Can we reduce bullying simply by encouraging small acts of kindness? A new study suggests performing acts of kindness boosts happiness that helps counteract bullying.
How can we reduce bullying among children? Could it be as simple as encouraging small acts of kindness? A new study suggests that promoting simple acts of kindness can play a large role in developing personal happiness in children which may help to counteract bullying.
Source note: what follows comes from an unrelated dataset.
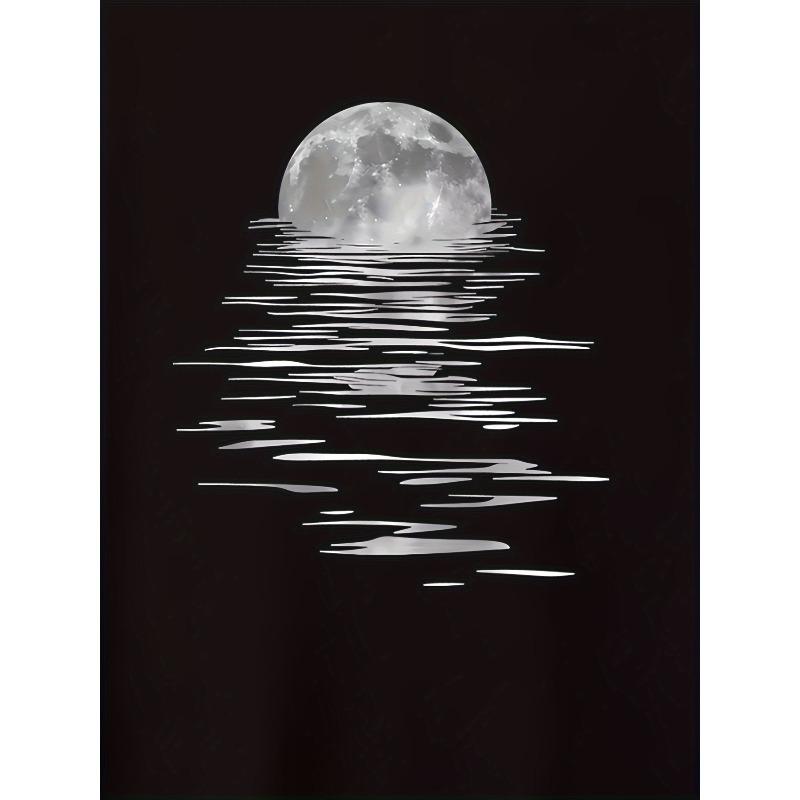 European Sizes Men's Stylish Moon Creative Print T-Shirt, Crew Neck Short Sleeve,Versatile Top For Spring And Summer, Trendy Streetwear Fashion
A team of researchers from the University of British Columbia (UBC) and the University of California, Riverside (UCR) recruited 400 Vancouver elementary schoolchildren for their study. The nine to 11-year-olds were separated into two groups to engage in and then record one of the following over four weeks:
perform acts of kindness, including sharing their lunch or giving their mom a hug if she appeared stressed or carrying the groceries
keep track of pleasant places they visited, such as the playground, the mall, or a grandparent’s house
Doing good brings happiness
The researchers were building on studies that have demonstrated the effectiveness of doing good deeds for others to build personal happiness.
Being liked encourages good behaviour
They also cited previous research that demonstrated well-liked preadolescents exhibit more inclusive behaviour and less externalizing behaviour (less bullying).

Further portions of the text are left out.